-- THE RECORDS follows --
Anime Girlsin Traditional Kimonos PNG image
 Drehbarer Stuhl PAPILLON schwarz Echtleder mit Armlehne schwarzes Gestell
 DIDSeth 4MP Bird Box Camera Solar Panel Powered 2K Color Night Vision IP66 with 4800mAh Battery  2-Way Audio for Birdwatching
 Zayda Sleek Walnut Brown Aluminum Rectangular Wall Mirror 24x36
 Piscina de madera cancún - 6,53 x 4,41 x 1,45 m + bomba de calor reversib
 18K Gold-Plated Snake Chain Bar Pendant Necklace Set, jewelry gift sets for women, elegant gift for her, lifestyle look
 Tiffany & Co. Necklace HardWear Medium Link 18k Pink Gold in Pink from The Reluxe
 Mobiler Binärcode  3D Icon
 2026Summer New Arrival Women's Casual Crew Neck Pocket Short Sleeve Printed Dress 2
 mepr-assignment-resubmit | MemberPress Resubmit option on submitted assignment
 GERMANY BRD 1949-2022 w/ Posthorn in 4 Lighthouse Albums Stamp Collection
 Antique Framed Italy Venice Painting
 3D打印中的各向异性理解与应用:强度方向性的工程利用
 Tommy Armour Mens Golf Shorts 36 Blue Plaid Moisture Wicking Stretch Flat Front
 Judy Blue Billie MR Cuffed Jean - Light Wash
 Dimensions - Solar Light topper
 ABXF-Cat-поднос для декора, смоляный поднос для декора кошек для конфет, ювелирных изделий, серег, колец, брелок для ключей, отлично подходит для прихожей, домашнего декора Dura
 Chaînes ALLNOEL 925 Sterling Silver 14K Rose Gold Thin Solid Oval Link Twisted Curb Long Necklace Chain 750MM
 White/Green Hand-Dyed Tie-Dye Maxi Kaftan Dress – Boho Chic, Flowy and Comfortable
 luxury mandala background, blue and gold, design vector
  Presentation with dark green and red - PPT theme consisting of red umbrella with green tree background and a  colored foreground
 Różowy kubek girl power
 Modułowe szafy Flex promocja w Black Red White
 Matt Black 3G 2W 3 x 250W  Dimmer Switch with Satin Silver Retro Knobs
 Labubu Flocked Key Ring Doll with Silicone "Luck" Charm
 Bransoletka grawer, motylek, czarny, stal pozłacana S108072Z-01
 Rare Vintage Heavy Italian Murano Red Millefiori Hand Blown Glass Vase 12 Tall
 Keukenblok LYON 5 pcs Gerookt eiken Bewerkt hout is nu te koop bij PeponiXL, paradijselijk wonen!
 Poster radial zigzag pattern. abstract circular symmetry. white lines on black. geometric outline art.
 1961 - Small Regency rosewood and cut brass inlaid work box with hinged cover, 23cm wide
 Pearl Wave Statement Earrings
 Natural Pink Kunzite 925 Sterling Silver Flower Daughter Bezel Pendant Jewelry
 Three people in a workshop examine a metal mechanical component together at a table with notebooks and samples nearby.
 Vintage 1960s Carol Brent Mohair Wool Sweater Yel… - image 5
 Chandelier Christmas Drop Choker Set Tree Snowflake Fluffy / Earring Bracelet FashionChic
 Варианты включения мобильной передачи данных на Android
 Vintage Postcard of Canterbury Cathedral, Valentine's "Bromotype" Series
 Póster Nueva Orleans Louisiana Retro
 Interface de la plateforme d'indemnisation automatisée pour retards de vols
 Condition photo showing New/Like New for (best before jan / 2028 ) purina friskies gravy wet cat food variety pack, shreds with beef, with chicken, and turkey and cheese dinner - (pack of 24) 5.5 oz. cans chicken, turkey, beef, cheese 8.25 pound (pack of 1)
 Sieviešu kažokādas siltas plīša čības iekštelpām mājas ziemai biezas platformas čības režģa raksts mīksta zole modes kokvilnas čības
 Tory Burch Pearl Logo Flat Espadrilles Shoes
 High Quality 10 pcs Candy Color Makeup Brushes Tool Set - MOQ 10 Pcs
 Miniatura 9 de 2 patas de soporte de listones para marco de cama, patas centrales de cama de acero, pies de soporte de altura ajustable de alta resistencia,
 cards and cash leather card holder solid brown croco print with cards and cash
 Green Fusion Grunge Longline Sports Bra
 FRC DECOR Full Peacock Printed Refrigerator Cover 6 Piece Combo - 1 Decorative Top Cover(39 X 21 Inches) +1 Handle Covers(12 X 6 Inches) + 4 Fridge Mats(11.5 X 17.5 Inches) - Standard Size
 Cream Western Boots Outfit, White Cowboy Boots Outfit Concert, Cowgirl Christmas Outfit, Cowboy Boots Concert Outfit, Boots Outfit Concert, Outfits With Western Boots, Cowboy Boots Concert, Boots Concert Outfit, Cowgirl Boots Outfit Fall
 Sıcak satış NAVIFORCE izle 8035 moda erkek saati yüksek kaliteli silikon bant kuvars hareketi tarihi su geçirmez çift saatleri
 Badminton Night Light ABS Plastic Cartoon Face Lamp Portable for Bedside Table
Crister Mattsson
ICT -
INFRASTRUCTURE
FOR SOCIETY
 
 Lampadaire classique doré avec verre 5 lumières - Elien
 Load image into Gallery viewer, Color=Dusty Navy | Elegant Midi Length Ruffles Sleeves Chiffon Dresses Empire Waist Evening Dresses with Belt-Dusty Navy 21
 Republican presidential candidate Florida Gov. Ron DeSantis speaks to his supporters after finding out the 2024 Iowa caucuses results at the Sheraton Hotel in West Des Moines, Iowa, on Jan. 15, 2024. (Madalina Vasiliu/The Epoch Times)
-- THE RECORDS concluded --
WORK INSTRUCTION:
Number of lines containing "image" in the material above: give that number alone.

SOLVED EXERCISE:
3